Splash is probably the most famous mainstream mermaid movie there is. The film was released in 1984 and became the runaway romantic comedy of the year, pushing stars Tom Hanks and Daryl Hannah into the spotlight. How many years on, it still has only Ariel (The Little Mermaid coming out a mere 5 years after this film) as a rival in terms of mermaid pop culture consciousness.
Not unlike Hans Christian Andersen's mermaid, a mermaid saves her young man's life and follows him to land, but this one's a romantic comedy with a culture clash angle and different stakes. The mermaid, named Madison by her love interest, can only stay on land for a fixed period, and in the end must make a choice that will determine her destiny. The performancs of Daryl Hannah and Tom Hanks, plus the superb directing by Ron Howard, elevated what could have been a forgettable little fantasy-romance film into a classic.
Splash's impact is such that so much mermaid media that came after it was influenced it, whether in direct borrowing or by subverting it.

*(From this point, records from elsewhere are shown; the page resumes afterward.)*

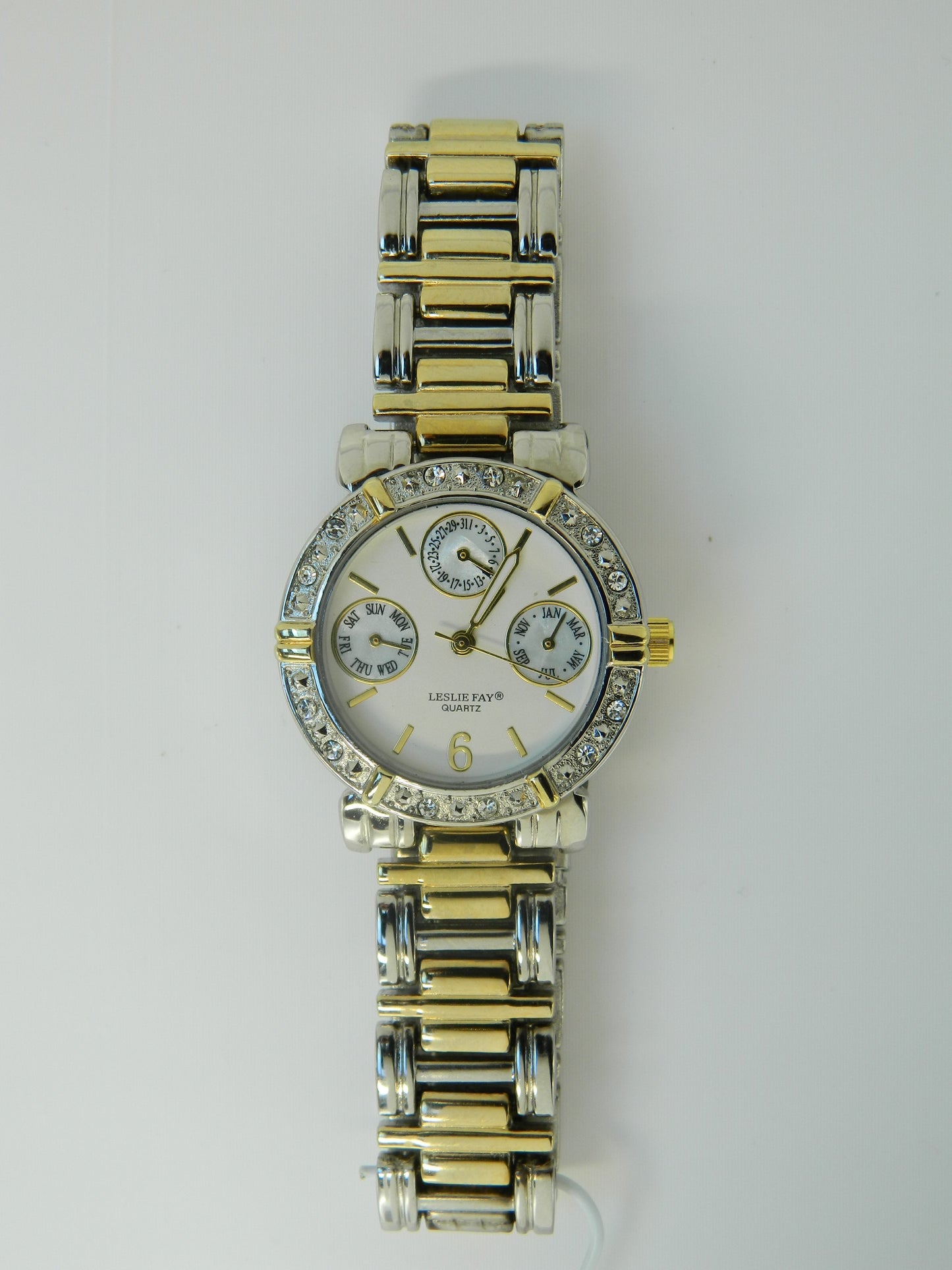 Leslie Fay Two Tone Faux Diamond Bezel Quartz Watch image 1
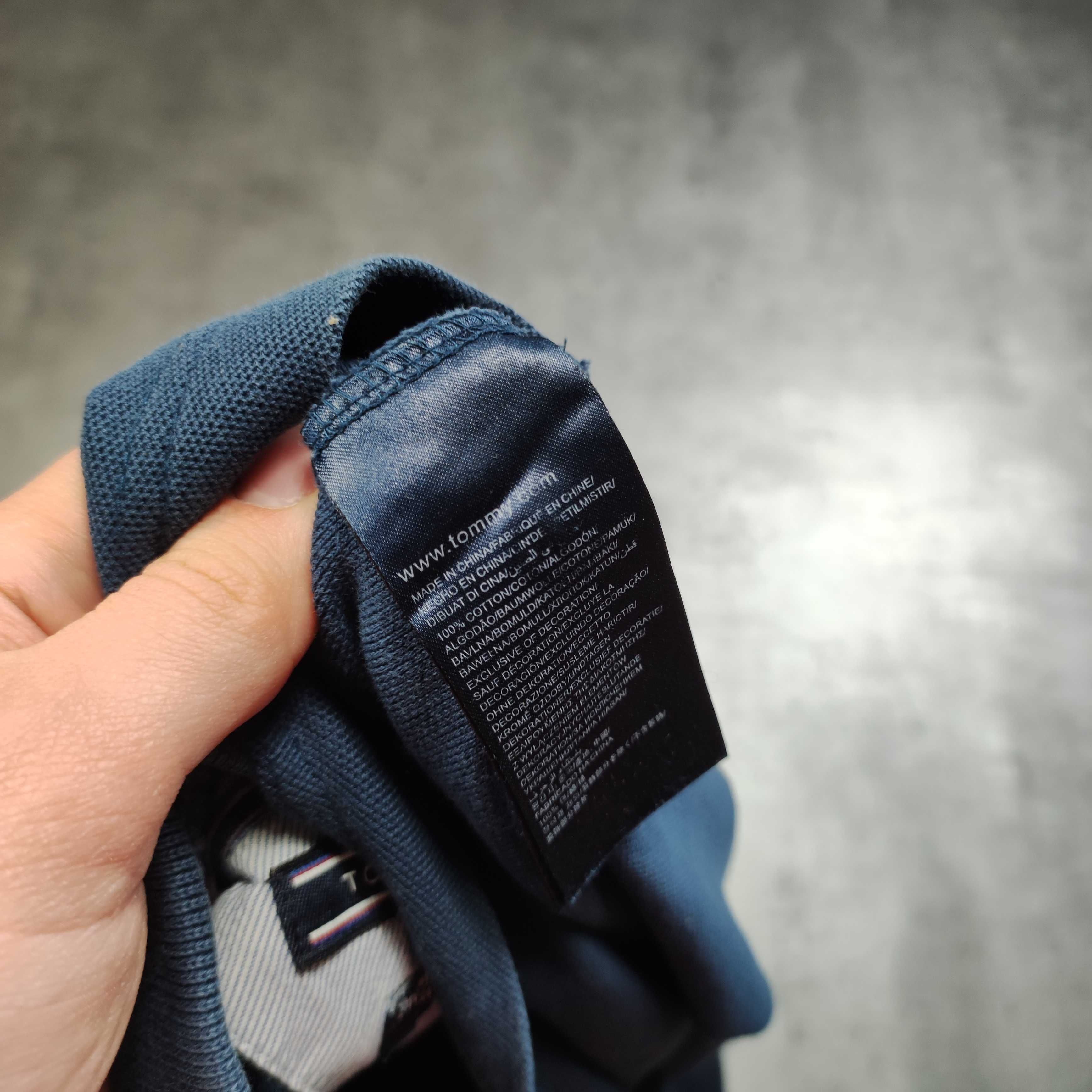 MĘSKA Koszulka Polo Elegancka Granatowa Bawełna Tommy Hilfiger Logo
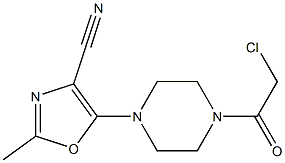 5-[4-(CHLOROACETYL)PIPERAZIN-1-YL]-2-METHYL-1,3-OXAZOLE-4-CARBONITRILE Structure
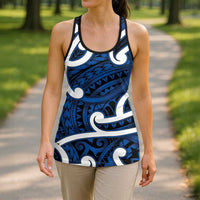 Aotearoa Maori Kowhaiwhai Hollow Tank Top Kikorangi Puhoro and Patiki LT9 - Polynesian Pride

Certainly the trend of depicting mermaids who get legs when dry and must avoid water was popularized by this film, so much so that after 1984, it became more notable when there were mermaid media where the mermaid didn't gain legs.
The surprising thing is, Madison only spends a small portion of the film with a tail, and there are no extended and indulgent swimming sequences as can be seen in later media. Despite this, and despite the fact that mermaid tail technology and underwater filming has improved a lot since the 1980s, Splash still remains one of the most crisp and compelling depictions of live-action mermaids. Part of this is the excellent work of the director and cinematographer, leading to the underwater scenes being for the most part so well-lit that we can see Madison clearly, instead of her being obscured. Madison's colouring is another key element, i.e. her being blonde and her tail orange makes her pop against the blue background, and the highlights of her hair make her movement far more dynamic.
Of course, there's Daryl Hannah herself, who made depicting a mermaid look so easy that it would only be later, after many other actresses tried to do the same with varying degrees of success, that it would be clear how much skill it took to use that tail and act underwater. According to an interview with Daryl in the 20th Anniversary DVD, she'd been swimming like a "mermaid" (that is, with her legs tied together) ever since she was a kid, so when she was given the role of Madison, it was a dream come true, and she even swam better than the stunt women who were supposed to double for her.
As a side note, Splash was the first film to be released under the Touchstone Pictures label, which was owned Disney, who would also release the animated The Little Mermaid. Additionally, Ariel was originally supposed to have blonde hair, but because of Splash, they had to consider other hues for her lovely locks, and eventually settled on red.